• [What you have to do]:
Scan the entries and tally the lines that include the string "water". Reply with the figure alone.

• [Input material]:
※
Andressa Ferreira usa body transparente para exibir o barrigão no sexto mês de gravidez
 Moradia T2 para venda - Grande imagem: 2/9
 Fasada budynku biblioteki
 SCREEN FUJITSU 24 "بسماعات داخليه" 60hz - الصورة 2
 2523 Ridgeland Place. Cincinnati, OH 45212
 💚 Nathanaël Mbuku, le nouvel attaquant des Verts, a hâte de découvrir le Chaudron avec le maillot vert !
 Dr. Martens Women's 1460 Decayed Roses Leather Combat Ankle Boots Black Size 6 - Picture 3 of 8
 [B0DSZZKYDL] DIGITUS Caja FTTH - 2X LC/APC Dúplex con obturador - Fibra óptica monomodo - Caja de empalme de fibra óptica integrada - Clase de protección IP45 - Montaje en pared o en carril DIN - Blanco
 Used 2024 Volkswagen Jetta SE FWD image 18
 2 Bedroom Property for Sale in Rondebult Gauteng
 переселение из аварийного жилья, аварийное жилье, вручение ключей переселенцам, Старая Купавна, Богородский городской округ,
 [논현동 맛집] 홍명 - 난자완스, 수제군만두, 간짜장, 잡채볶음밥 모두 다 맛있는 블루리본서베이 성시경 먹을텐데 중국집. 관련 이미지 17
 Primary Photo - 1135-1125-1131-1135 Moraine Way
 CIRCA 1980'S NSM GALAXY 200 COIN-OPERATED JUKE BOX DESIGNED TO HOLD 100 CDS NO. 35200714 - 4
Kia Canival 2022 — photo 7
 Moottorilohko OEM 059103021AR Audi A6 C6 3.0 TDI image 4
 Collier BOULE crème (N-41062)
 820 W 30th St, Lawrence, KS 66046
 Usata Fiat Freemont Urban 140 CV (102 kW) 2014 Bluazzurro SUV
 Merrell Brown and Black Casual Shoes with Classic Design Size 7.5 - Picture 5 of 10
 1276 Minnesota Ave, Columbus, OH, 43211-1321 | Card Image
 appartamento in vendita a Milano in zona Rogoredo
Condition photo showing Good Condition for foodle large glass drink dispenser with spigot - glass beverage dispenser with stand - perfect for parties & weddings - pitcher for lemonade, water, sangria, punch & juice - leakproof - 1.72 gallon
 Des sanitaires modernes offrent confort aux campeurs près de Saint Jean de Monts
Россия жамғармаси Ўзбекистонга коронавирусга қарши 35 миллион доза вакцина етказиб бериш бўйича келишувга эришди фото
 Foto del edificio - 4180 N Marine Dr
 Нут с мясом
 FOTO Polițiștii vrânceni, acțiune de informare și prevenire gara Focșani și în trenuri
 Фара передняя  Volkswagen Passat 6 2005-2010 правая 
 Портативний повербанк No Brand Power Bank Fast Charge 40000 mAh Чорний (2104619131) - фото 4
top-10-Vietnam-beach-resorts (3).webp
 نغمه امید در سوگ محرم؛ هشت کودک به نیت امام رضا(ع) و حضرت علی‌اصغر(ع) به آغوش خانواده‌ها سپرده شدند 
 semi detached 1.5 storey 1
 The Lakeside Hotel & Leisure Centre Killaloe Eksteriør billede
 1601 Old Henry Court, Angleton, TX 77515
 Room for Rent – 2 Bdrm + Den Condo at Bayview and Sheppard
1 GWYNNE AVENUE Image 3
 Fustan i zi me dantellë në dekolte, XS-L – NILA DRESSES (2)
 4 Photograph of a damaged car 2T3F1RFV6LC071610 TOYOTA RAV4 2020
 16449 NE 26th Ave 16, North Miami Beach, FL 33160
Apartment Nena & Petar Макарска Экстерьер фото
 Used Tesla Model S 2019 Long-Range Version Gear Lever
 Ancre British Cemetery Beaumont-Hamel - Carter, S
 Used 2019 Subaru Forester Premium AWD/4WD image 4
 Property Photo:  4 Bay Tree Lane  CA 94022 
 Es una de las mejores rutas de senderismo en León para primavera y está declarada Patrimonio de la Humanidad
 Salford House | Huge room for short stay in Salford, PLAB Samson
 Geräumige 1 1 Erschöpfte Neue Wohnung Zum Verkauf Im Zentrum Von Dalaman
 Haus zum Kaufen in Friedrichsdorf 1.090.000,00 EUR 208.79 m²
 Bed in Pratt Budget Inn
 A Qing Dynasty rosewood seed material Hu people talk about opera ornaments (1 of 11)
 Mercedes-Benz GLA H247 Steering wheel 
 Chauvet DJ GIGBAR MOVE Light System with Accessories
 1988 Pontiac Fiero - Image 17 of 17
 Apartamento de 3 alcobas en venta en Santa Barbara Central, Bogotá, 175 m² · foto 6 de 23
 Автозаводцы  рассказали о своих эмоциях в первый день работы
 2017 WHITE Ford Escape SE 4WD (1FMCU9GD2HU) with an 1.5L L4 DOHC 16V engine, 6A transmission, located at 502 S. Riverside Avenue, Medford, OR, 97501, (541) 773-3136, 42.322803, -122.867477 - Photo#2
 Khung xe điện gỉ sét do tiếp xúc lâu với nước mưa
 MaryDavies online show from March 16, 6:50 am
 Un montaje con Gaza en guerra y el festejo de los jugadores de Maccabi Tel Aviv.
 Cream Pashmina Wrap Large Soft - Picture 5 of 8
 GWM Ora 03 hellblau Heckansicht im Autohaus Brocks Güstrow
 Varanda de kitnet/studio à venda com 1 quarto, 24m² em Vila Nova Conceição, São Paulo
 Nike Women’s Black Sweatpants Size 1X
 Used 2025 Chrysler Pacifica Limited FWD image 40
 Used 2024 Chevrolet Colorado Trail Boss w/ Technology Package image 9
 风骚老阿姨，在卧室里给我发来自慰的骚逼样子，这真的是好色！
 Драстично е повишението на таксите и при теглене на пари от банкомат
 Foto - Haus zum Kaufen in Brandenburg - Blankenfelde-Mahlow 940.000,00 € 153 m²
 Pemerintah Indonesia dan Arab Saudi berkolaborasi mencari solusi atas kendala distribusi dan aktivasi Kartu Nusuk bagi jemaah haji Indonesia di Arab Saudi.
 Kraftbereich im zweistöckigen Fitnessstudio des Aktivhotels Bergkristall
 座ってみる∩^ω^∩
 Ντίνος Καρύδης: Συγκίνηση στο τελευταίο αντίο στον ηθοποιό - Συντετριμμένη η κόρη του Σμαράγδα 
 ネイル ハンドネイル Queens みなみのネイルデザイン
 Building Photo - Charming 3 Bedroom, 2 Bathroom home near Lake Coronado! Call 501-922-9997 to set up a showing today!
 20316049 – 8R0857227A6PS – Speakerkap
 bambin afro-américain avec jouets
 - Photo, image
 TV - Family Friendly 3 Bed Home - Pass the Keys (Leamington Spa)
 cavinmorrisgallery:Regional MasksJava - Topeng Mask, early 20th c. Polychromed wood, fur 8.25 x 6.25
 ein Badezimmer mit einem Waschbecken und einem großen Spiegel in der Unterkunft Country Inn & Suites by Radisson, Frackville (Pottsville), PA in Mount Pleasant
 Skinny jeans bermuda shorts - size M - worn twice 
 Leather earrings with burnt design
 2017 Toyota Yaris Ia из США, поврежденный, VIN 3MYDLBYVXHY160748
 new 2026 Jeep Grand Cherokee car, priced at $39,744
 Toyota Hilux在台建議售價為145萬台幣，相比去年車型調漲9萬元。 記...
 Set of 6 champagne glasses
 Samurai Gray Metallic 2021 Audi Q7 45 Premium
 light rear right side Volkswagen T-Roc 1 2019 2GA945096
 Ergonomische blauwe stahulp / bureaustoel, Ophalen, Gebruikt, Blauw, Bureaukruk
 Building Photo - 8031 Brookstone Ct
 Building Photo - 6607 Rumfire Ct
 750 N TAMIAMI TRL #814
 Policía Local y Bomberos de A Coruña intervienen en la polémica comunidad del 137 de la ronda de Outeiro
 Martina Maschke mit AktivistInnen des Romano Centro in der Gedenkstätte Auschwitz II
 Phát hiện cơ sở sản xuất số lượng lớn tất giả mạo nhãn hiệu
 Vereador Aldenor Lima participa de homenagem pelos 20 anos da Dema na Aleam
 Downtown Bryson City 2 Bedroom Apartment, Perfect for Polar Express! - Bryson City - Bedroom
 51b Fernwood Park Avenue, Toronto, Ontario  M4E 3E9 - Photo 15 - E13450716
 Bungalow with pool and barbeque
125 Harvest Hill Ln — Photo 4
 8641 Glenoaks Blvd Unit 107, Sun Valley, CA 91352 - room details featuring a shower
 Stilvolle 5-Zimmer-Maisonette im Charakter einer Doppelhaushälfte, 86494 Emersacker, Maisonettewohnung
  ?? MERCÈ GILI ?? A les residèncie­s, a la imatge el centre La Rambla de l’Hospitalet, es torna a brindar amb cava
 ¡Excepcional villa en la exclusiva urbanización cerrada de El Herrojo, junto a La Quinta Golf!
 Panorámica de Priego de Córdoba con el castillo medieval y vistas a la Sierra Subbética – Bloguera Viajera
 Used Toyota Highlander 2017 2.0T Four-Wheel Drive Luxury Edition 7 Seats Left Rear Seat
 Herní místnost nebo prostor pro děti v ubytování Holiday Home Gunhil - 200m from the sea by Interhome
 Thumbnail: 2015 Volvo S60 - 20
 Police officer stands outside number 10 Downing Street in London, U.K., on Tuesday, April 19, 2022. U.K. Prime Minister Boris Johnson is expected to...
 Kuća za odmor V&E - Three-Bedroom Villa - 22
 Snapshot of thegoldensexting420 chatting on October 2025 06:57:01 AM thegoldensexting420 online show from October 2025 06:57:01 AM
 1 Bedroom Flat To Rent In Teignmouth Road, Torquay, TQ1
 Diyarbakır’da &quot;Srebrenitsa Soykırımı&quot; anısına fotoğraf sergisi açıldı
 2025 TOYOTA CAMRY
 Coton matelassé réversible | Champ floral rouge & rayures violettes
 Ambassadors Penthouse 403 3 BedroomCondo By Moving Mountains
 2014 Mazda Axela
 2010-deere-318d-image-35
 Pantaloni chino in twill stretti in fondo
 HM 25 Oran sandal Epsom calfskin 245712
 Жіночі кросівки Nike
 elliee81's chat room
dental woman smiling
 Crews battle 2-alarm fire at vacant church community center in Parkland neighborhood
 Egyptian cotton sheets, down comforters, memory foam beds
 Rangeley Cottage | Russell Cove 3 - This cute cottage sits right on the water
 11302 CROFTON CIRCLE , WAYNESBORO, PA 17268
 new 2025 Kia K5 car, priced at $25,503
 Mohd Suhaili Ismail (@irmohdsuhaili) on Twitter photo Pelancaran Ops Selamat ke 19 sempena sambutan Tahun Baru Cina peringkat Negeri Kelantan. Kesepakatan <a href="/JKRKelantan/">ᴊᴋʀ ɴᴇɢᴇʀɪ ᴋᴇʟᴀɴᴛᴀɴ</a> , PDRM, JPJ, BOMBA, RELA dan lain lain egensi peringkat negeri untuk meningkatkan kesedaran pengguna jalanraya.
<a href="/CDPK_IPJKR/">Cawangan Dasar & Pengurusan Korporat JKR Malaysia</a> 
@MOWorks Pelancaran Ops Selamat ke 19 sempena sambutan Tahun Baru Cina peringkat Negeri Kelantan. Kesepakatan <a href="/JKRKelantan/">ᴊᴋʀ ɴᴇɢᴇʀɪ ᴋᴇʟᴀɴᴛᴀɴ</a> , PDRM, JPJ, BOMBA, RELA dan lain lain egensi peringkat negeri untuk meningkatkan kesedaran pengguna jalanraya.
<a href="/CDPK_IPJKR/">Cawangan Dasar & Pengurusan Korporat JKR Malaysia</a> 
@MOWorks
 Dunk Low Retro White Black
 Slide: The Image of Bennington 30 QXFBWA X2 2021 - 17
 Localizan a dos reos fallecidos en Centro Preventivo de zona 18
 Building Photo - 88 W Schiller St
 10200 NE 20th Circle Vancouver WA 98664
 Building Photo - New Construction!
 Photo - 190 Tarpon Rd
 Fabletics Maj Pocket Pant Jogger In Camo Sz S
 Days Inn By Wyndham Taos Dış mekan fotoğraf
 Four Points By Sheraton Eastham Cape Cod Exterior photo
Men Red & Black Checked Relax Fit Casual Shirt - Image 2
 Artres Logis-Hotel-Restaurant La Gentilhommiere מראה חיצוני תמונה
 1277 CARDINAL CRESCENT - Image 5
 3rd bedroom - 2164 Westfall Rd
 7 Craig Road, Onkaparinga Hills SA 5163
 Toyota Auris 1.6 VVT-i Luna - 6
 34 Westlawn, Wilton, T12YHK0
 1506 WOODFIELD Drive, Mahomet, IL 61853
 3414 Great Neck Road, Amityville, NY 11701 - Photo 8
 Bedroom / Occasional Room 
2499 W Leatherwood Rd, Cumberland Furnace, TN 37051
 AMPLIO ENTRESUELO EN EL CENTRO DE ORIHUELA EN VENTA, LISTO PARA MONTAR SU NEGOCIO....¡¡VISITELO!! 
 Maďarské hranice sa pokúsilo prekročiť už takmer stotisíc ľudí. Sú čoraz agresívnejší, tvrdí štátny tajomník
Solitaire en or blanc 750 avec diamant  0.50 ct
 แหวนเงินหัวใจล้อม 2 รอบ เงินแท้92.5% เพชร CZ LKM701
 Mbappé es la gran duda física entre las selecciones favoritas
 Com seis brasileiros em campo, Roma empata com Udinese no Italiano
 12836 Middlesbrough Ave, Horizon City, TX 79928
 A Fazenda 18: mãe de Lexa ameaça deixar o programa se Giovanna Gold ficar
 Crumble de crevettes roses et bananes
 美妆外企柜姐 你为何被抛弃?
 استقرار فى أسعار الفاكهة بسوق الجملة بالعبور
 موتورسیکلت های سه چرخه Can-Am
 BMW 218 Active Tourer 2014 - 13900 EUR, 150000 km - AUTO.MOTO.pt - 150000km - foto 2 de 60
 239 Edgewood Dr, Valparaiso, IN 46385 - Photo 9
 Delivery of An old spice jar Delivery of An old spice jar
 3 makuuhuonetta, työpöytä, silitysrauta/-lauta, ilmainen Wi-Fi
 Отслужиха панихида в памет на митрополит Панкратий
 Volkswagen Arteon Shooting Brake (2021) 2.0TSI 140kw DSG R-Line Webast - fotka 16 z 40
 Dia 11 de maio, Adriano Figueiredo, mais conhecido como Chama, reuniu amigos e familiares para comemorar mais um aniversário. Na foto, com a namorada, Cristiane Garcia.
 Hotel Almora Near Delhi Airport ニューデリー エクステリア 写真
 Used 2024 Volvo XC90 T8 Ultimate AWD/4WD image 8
※
• [Result]:
2